Praveen Lakkaraju, Susan Gauch and Mirco Speretta. Document Similarity Based on Concept Tree Distance
Abstract: The Web is quickly moving from the era of search engines to the era of discovery engines. Whereas search engines help you find information you are looking for, discovery engines help you find things that you never knew existed. A common discovery technique is to automatically identify and display objects similar to ones previously viewed by the user. Core to this approach is an accurate method to identify similar documents.  In this paper, we present a new approach to identifying similar documents based on a conceptual tree-similarity measure. We represent each document as a concept tree using the concept associations obtained from a classifier. Then, we make employ a tree-similarity measure based on a tree edit distance to compute similarities between concept trees. Experiments on documents from the CiteSeer collection showed that our algorithm performed significantly better than document similarity based on the traditional vector space model.
Michael A. Stefanone and Derek Lackaff. We're All Stars Now: Reality Television, Web 2.0, and Mediated Identities
Abstract: Social cognitive theory suggests a likely relationship between the rising popularity of both reality television and social networking sites. This research utilized a survey (N=456) of young adults to determine the extent to which reality television consumption explains user behavior in the context of social network sites. Results show a consistent positive relationship between reality television consumption and the length of time spent logged on to these sites, the size of users' networks, the proportion of friends not actually met face to face, and photo sharing frequency while controlling for age, gender and education. Other categories of television viewing like news, fiction, and educational programming were not related to users' online behavior.
Okan Kolak and Bill N. Schilit. Generating Links by Mining Quotations
Abstract: Scanning books, magazines, and newspapers has become an increasingly widespread
activity because people believe that much of the worlds' information still resides off-line.  In general, after these works are scanned, they are indexed for search and processed to add links.  This paper describes a new approach to automatically add links by mining popularly quoted passages.  Our technique connects elements that are semantically rich, so strong relations are made. Moreover, link targets point within a work rather than to the entire work, facilitating navigation.  This paper makes three contributions. We describe a scalable algorithm for mining repeated word sequences from extremely large text corpora.  Second, we present techniques that filter and rank the repeated sequences for uotations.  Third, we present a new user interface for navigating across and within works in the collection using quotation links.  Our system has been run on a digital library of over 1 million books and has been used by thousands of people.
Seamus Lawless, Lucy Hederman and Vincent Wade. Enhancing Access to Open Corpus Educational Content: Learning in the Wild
Abstract: The World Wide Web (WWW) provides access to a vast array of interconnected educational content on almost every subject imaginable. A great deal of this content is ideal for incorporation into personalised eLearning experiences.

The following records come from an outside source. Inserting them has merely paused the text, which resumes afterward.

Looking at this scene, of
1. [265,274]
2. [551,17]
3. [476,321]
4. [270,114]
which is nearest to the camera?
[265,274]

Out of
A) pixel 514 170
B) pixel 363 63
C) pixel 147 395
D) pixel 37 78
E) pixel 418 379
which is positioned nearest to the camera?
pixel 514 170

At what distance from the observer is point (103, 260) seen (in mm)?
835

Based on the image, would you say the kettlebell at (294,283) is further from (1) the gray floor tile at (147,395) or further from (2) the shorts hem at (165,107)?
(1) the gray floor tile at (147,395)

However the discovery, harvesting and incorporation of appropriate educational material's have proven to be complex and arduous tasks. Traditional educational hypertext systems are based upon the generation of links and anchors between content objects. However the dynamic incorporation of open corpus educational content in eLearning requires the generation of a relationship between educational concepts and the hypertext documents. One approach to create this overlay between concept and content is to use a Mindmap interface to allow learners to explore and associate hypertext content with knowledge maps of their own creation. This paper presents the Open Corpus Content Service (OCCS), a framework that uses the hypertext structure of the WWW to provide methods of educational content discovery and harvesting. The OCCS semantically examines linked content on both the WWW and in digital content repositories, and creates concept-specific caches of content. The paper also introduces U-CREATe, a novel user-driven Mindmap interface for supporting the exploration and assembly of content cached by the OCCS, in a pedagogically meaningful manner. The combination of these systems benefits both the educator and learner, empowering the learner through ownership of the educational experience and allowing the educator to focus on the pedagogical design of educational offerings rather than content authoring.

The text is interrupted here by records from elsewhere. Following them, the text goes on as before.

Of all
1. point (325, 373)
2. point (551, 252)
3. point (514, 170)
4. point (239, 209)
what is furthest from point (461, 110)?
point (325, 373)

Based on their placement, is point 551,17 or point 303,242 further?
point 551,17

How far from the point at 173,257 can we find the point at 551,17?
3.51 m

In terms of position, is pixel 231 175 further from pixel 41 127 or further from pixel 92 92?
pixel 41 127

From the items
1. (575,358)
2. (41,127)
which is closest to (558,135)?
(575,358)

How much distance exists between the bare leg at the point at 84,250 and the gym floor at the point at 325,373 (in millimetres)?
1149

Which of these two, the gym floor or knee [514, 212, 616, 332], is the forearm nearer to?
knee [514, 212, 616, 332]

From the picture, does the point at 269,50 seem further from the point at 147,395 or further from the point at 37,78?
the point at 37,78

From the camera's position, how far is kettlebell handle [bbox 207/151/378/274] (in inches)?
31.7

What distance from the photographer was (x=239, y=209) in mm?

Xiaolin Shi, Matthew Bonner, Lada Adamic and Anna Gilbert. The Very Small World of the Well-Connected
Abstract: Online networks occupy an increasingly larger position in how we acquire information, how we communicate with one another, and how we disseminate information. Frequently, small sets of vertices dominate various graph and statistical properties of these networks and, because of this, they are relevant for structural analysis and efficient algorithms and engineering. For the web overall, and specifically for social linking in blogs and instant messaging, we provide a principled, rigorous study of the properties, the construction, and the utilization of subsets of special vertices in large online networks. We show that graph synopses defined by the importance of vertices provide small, relatively accurate portraits, independent of the importance measure, of the larger underlying graphs and of the important vertices. Furthermore, they can be computed relatively efficiently.
Hyun Chul Lee, Allan Borodin and Leslie Goldsmith. Extracting and Ranking Viral Communities through Semantic Similarity
Abstract: We study the community extraction problem within the context of networks of blogs and forums. When starting from a small set of known seed nodes, we argue that the use of semantic content information (beyond explicit link information) plays an essential role in the identification of the relevant community. Our approach lends itself to a new and insightful ranking scheme for members of the extracted community and an efficient algorithm for inflating/deflating the extracted community. Using a considerably large commercial data set of blog and forum sites, we provide experimental evidence to demonstrate the utility, efficiency, and stability of our methods.
Johannes Albertsen and Niels Olof Bouvin. User-defined Structural Searches in MediaWiki
Abstract: Wikipedia has been the poster child of user contributed content using the space of MediaWiki as the canvas on which to write.  While supremely suitable for authoring simple hypermedia documents, MediaWiki does not lend itself easily to let the author create dynamically assembled documents, or create pages that monitor other pages. While it is possible to create such ``special'' pages, it requires PHP coding and thus administrative rights to the MediaWiki server. We present in this paper work on a structural query language to allow users to add dynamically evaluated searches to ordinary wiki-pages.
Munmun De Choudhury, Hari Sundaram, Ajita John and Doree Seligmann. Can Blog Communication Dynamics be correlated with Stock Market Activity?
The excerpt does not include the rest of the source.